Bill Goodman - TAGIE In Memoriam Honoree
Few people have the creativity, patience and persistence to keep the childlike wonder that makes an inventor great. Challenges we face come up, requests to do things differently, faster, cheaper all get in the way. Like many others, I had the incredible good fortune to learn from Bill Goodman that “Growing Up” didn’t have to mean sacrificing that kid inside that keeps the drive alive to make incredibly cool things for kids and enjoy, truly enjoy every minute.
From his earliest days in San Francisco at Team Machina, Bill was committed to turning every stone, ask every question, seek out any new partner all with the sole goal of bringing great new ideas to life in a way that everyone could afford to play and enjoy them. All the time, Bill was like the Pide Piper attracting everyone that came in contact with him to come along for the journey. His stops at Machina and Sega Games highlighted his time in San Francisco where he had the chance to help bring dozens of toys to market.
While at Tiger in the late 90’s, I had the chance to work with Bill for the first time when Dave Capper introduced us as we were getting ready to launch Hit Clips. Dave and Andy Filo had this awesome idea to bring music to kids in a fun new way. We all knew Hit Clips had huge potential, what we didn’t plan on were the hundreds of hours, days nights and weekends that would be needed to get thousands of hours of content edited and ready. Bill and his partner Kent Suzuki, joined the team and with their help, Hit Clips went on to be called the “I Pod before the iPod” by a reporter for Time Magazine. Hit Clips evolved in Video Now and Bill’s passion and persistence helped Hasbro hit another one out of the park.
Few people spoke about Bill’s creations at that point and he was happy to be in the backroom jamming to get things done while us marketing guys got all of the attention, but those of us who worked on these “Home Runs” know how vital a role Bill played in making sure our dreams came to life.
Bill’s successes were countless, but none of them compared to his biggest, his family. Hilary, Georgia and Lucy were his world. Whether ice skating, skiing at Sugar Loaf or building a cardboard boat, Bill could be found again in the role of Pied Piper with dozens of kids all screaming to be with him as his created adventure after adventure.
After Bill got sick a couple of years ago, I went to Maine to visit. He said that he really wanted to get a few friends together for pizza as people had been so nice and wanted to see him. We sent out a quick note on Tuesday, the following night at a local pizza place on the water, 150 people showed up. I’ve been to Bar Mitzvah’s planned for years with less people.
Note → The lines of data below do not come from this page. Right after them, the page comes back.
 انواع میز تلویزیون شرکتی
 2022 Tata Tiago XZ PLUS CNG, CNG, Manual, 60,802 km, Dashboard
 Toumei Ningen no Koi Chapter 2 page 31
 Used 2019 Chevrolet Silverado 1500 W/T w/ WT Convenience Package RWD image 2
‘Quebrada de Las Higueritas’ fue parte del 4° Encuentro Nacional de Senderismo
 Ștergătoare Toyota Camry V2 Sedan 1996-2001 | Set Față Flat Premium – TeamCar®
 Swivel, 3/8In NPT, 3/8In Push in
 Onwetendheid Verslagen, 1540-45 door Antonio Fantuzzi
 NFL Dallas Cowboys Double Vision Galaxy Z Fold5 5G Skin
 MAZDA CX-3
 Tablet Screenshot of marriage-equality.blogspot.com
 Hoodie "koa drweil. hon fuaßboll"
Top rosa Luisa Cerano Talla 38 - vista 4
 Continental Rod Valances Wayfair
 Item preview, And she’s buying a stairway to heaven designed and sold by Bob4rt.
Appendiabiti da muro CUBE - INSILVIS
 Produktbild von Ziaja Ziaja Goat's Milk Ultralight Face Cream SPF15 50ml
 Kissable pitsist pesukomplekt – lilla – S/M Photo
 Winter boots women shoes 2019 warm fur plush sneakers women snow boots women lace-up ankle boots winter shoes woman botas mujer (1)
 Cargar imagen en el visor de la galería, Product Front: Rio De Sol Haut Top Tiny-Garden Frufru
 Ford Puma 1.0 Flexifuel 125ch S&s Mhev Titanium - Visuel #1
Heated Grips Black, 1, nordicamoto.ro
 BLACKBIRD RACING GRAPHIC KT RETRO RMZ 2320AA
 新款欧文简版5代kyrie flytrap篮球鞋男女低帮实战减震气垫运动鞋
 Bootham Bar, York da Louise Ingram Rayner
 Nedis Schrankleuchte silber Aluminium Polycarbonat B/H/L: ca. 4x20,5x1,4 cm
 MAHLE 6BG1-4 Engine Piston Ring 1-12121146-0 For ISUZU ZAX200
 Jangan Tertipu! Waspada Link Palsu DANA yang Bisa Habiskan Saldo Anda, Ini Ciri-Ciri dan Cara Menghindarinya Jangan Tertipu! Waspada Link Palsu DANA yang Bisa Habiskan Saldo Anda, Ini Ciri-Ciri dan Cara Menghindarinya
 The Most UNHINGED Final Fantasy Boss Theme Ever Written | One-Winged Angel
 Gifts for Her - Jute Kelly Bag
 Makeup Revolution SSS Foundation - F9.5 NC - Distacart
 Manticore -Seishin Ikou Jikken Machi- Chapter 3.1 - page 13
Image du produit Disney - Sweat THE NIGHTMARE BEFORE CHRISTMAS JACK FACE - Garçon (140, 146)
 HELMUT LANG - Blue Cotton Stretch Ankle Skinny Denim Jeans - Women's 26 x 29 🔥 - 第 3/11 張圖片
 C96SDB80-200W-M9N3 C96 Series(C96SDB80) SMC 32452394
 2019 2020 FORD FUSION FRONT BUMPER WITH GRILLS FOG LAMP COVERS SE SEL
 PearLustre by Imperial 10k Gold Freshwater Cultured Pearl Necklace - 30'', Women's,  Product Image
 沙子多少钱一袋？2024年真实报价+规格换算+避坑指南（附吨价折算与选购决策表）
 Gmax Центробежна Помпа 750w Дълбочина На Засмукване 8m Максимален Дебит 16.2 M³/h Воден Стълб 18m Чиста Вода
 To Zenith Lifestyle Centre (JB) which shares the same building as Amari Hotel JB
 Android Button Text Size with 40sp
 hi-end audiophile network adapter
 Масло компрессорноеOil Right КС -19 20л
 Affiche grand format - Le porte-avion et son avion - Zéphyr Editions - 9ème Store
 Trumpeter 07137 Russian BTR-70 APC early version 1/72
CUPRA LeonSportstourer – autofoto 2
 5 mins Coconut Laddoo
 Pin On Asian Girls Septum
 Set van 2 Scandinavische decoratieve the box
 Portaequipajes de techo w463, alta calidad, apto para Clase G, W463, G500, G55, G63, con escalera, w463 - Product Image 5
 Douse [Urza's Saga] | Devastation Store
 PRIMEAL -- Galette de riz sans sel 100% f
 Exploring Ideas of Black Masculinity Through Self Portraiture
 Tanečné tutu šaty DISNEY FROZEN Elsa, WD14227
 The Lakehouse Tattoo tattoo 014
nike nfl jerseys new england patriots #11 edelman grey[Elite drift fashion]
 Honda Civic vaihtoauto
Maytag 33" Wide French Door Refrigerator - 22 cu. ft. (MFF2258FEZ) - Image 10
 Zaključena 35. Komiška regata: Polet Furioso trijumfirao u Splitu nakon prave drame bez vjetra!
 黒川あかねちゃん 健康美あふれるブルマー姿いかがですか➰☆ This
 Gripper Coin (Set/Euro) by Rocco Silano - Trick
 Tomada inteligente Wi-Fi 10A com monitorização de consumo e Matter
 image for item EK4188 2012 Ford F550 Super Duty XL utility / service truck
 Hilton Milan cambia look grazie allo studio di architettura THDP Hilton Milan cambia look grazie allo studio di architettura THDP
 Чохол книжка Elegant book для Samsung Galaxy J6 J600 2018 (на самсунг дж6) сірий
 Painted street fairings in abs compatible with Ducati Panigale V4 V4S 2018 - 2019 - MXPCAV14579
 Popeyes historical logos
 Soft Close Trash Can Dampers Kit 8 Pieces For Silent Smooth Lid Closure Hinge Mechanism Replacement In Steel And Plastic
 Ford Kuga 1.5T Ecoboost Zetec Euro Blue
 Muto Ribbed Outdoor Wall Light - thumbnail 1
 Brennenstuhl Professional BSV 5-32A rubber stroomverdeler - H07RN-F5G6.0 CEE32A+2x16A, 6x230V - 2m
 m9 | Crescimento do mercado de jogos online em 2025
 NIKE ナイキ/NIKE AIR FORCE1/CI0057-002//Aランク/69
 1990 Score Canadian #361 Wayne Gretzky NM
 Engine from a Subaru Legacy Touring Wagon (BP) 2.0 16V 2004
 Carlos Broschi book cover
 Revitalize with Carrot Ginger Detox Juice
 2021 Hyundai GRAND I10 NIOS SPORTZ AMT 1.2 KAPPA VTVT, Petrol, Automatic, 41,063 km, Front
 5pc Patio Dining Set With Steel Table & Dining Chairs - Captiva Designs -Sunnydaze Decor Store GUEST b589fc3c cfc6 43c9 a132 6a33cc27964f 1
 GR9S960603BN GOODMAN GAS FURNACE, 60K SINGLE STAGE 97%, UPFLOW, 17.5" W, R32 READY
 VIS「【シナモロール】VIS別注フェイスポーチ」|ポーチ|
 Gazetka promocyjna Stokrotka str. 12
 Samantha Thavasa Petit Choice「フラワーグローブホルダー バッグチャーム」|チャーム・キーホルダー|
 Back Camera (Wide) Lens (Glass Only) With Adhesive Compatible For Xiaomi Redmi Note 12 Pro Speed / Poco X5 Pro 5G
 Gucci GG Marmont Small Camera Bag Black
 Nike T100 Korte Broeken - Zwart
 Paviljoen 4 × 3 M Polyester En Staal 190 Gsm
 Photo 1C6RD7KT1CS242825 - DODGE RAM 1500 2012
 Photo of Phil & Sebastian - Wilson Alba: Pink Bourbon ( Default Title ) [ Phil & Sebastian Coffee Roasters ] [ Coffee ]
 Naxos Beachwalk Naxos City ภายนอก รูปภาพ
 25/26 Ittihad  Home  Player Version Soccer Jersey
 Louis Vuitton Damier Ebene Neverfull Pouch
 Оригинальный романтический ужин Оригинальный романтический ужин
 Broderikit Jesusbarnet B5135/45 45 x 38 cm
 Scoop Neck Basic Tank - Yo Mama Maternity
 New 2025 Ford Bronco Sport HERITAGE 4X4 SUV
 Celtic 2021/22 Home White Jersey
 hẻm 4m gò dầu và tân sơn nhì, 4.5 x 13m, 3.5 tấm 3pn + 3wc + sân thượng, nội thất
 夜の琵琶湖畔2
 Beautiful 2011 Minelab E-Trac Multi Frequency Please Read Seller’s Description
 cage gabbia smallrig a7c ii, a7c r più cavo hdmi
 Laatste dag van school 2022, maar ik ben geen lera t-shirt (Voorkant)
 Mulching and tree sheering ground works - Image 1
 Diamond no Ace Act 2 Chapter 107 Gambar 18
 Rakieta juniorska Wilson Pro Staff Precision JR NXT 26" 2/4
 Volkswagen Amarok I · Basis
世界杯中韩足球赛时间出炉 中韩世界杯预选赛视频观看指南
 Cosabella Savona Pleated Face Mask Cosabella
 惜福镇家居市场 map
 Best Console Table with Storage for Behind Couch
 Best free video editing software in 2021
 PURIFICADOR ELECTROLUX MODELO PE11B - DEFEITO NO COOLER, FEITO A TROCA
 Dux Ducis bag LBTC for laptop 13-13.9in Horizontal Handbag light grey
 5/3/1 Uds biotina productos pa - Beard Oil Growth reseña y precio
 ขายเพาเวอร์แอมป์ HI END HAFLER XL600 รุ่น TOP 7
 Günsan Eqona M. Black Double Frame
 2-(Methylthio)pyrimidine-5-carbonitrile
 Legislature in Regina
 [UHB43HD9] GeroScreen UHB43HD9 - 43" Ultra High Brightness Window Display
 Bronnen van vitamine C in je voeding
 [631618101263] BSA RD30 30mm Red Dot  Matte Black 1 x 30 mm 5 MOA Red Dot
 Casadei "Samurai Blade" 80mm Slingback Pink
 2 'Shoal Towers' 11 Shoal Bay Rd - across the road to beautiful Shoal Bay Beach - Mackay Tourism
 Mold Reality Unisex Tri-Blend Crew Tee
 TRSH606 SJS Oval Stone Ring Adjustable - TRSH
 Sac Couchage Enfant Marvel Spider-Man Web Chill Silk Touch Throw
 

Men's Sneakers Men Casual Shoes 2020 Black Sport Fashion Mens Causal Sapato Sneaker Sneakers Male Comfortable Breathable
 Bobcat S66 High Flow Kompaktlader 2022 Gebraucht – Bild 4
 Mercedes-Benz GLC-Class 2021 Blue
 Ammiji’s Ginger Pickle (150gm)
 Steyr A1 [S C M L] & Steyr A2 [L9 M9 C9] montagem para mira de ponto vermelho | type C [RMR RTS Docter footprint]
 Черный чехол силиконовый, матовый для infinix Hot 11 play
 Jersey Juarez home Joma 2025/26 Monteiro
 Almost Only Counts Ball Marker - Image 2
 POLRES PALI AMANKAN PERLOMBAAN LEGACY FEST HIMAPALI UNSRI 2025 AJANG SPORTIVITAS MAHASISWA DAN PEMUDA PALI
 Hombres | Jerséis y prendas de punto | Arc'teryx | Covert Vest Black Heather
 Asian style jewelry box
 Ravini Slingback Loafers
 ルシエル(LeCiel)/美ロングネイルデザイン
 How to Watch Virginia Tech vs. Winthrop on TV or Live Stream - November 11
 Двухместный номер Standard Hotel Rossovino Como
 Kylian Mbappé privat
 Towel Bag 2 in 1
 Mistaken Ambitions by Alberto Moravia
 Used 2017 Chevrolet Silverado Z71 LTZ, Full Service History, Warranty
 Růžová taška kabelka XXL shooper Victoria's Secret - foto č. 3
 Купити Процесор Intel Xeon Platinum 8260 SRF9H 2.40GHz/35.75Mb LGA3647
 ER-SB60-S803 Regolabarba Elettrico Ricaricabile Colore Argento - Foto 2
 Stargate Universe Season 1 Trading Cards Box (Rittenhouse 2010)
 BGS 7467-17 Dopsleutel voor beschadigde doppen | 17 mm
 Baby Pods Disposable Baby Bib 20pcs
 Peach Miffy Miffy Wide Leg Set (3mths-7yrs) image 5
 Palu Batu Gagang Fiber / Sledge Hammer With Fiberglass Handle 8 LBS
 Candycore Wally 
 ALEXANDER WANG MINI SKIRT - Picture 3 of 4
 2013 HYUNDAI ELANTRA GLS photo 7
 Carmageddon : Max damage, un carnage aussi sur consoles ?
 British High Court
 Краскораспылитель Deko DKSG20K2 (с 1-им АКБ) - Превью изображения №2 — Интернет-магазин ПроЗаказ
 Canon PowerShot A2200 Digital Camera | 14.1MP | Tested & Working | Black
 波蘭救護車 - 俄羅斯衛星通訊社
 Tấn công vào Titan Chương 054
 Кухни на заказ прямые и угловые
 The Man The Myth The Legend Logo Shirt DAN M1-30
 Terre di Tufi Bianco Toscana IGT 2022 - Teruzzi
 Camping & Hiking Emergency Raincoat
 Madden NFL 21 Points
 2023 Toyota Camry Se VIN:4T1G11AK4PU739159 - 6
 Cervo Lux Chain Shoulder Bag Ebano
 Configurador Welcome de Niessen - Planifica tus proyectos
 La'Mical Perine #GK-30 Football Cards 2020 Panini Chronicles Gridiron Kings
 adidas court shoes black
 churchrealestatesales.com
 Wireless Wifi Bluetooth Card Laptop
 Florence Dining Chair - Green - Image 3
The key was everyone wanted to be around Bill's great smile, positive energy and real love for life. I asked him once if the treatment became too hard if he really thought it was worth doing. He smiled, said, “That shit ain't got nothing on me and if it gets me one more day with the girls, I’m in.”
Bill’s wish was to bring happiness to everyone around him and that if he did that well, he would love on way after being gone physically. I can tell you, based on how he lived, that dream will never die. Not a day goes by that one of his friends doesn’t reach out or tell a Bill story. The legend of his Gold Jacket will endure as long as his smile does.
You see, Bill may have been a Goodman, but to all of us he was a friend, colleague, in short he was a GREAT Man.